» **EXERCISE BRIEF**
In the reply, give back exactly the lines from the one with "从世俱杯积分榜变化看球队走势与争冠格局新解读背后逻辑与关键转折 从世俱杯积分榜变化看球队走势与争冠格局新解读背后逻辑与关键转折" through the last line of the records, without pictures.

INFORMATION GIVEN Start Marker

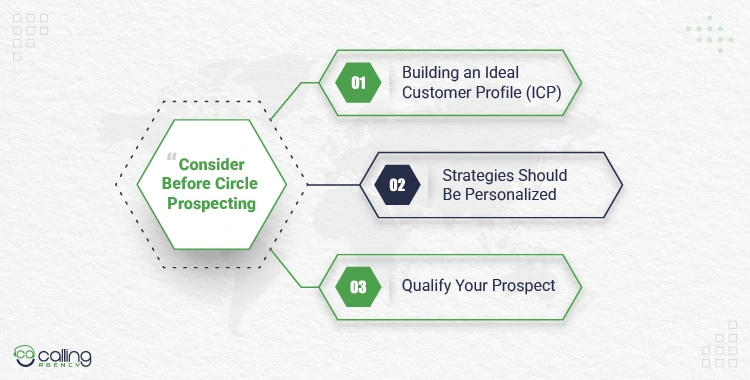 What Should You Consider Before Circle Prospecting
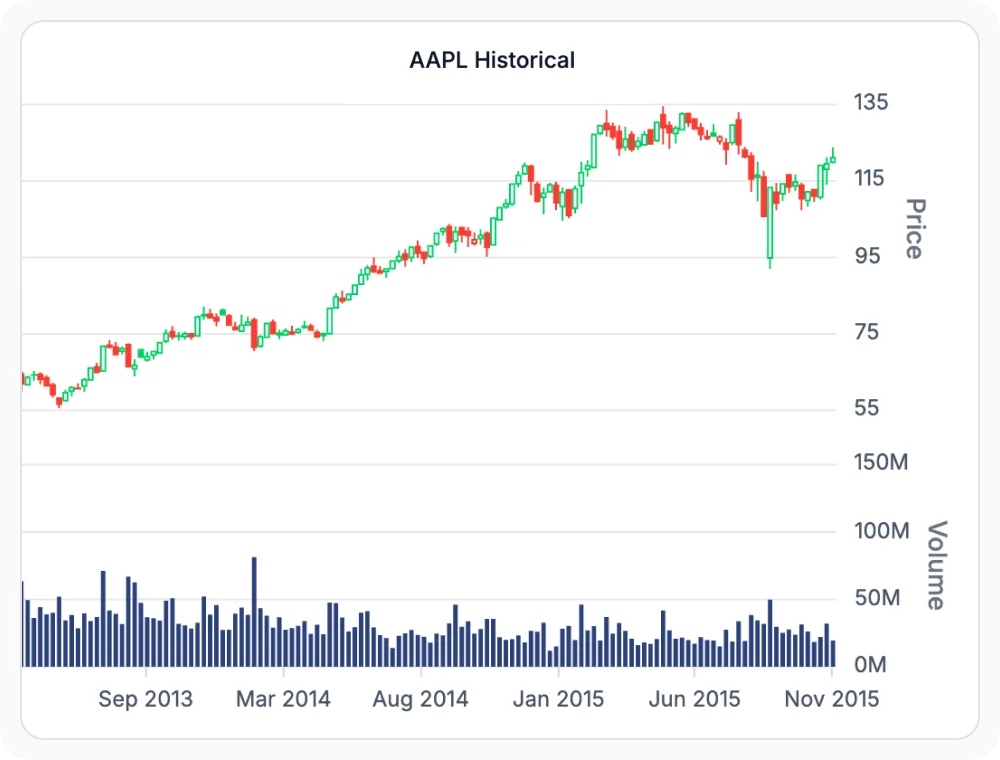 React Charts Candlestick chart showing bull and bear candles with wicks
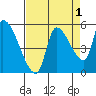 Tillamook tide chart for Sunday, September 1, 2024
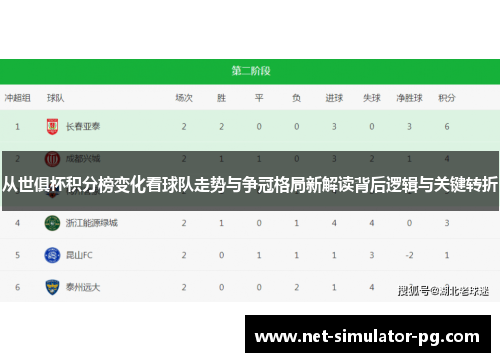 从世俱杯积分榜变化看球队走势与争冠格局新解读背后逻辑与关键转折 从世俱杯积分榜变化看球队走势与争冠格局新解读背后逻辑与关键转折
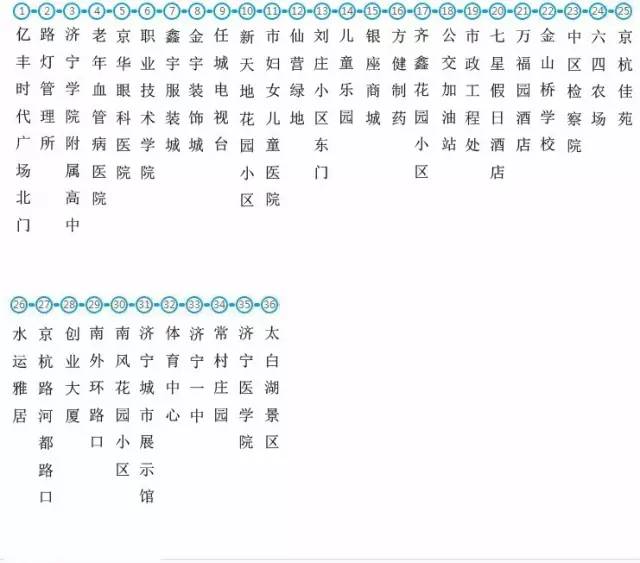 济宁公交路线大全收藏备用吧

INFORMATION GIVEN End Marker

» **FINISHED TASK**
 从世俱杯积分榜变化看球队走势与争冠格局新解读背后逻辑与关键转折 从世俱杯积分榜变化看球队走势与争冠格局新解读背后逻辑与关键转折
 济宁公交路线大全收藏备用吧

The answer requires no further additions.